What is needed
When you reach a picture, skip it, and retype every line below exactly.

Pictures with short captions
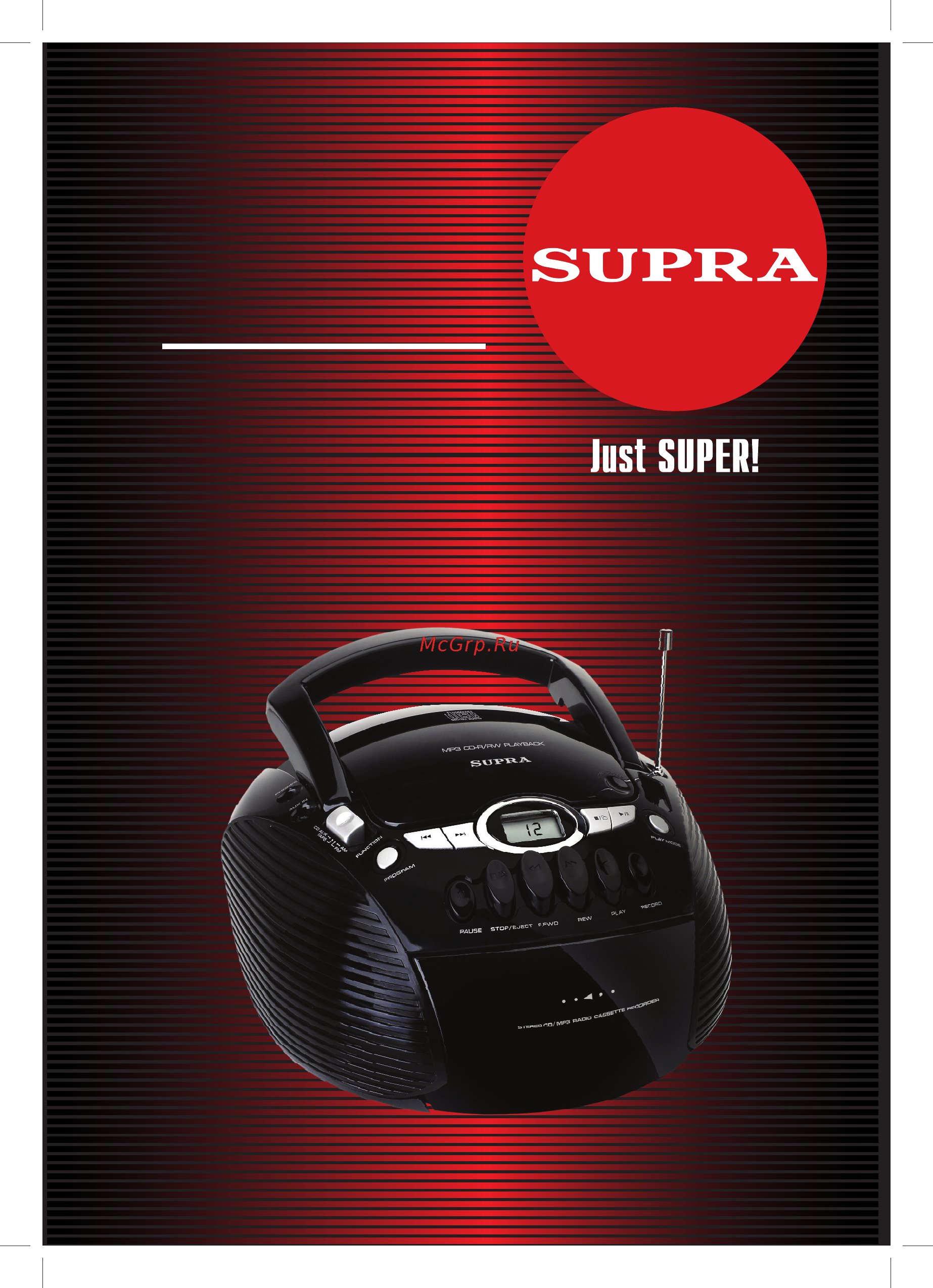 Supra BB-CD107 Инструкция по эксплуатации онлайн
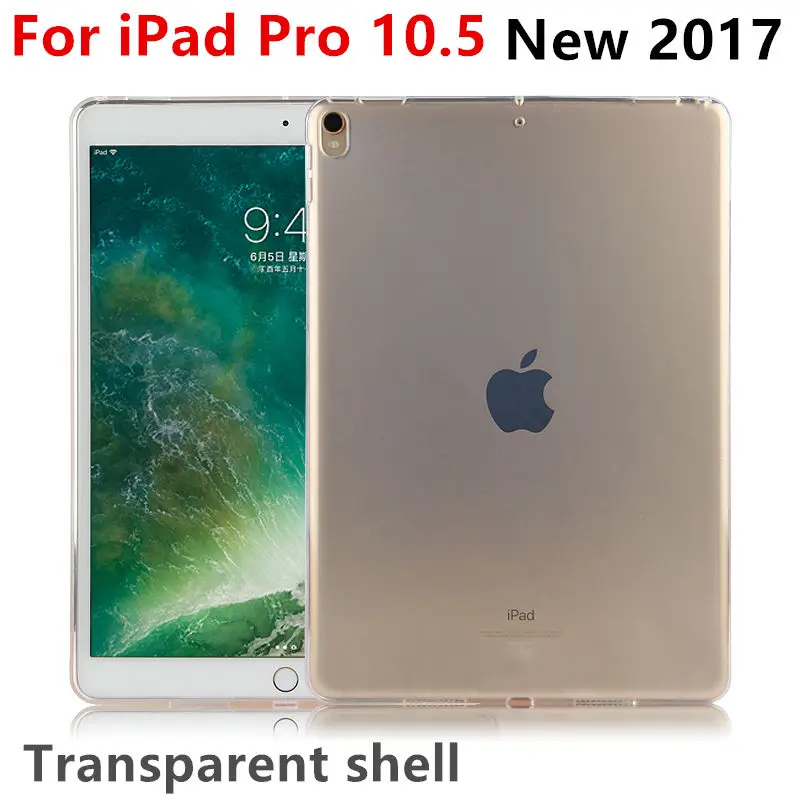 Чехол из ТПУ для Apple iPad Pro 10 5 Новый 2017 защитный смарт чехол кожаный прозрачный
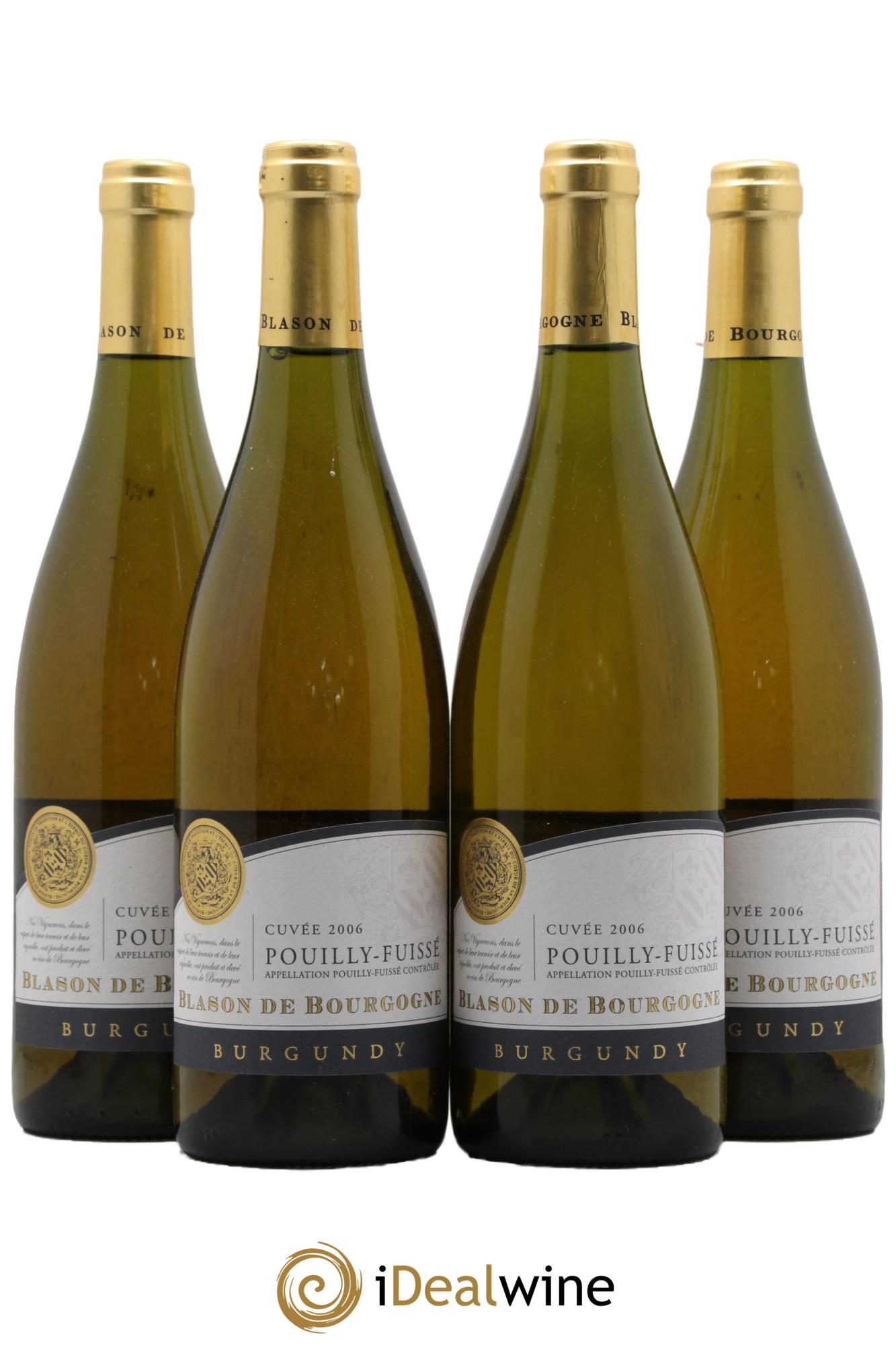 Pouilly-Fuissé Blason De Bourgogne 2006 - Posten von 4 Flaschen - 0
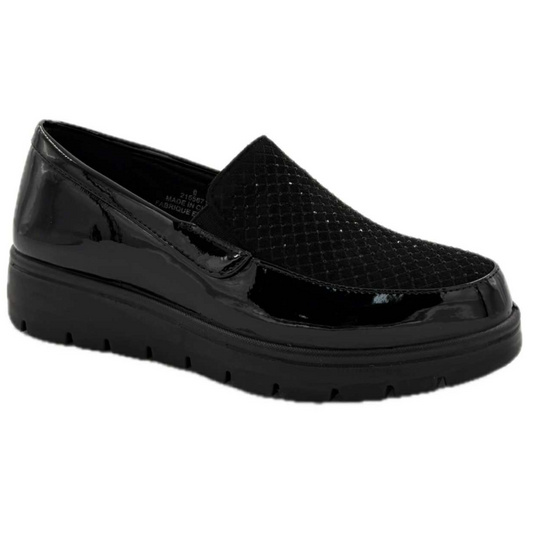 DISPONIBLE EN LIGNE SEULEMENT - Souliers Femme Noir Soft Comfort MO2155671L (#79)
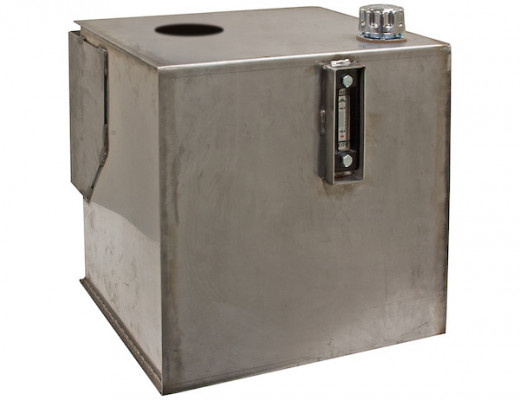 Image of 30 Gallon Stainless Steel Bulkhead Hydraulic Reservoir from Buyers Products. Part number: SMR30SS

Task response
 Supra BB-CD107 Инструкция по эксплуатации онлайн
 Чехол из ТПУ для Apple iPad Pro 10 5 Новый 2017 защитный смарт чехол кожаный прозрачный
 Pouilly-Fuissé Blason De Bourgogne 2006 - Posten von 4 Flaschen - 0
 DISPONIBLE EN LIGNE SEULEMENT - Souliers Femme Noir Soft Comfort MO2155671L (#79)
 Image of 30 Gallon Stainless Steel Bulkhead Hydraulic Reservoir from Buyers Products. Part number: SMR30SS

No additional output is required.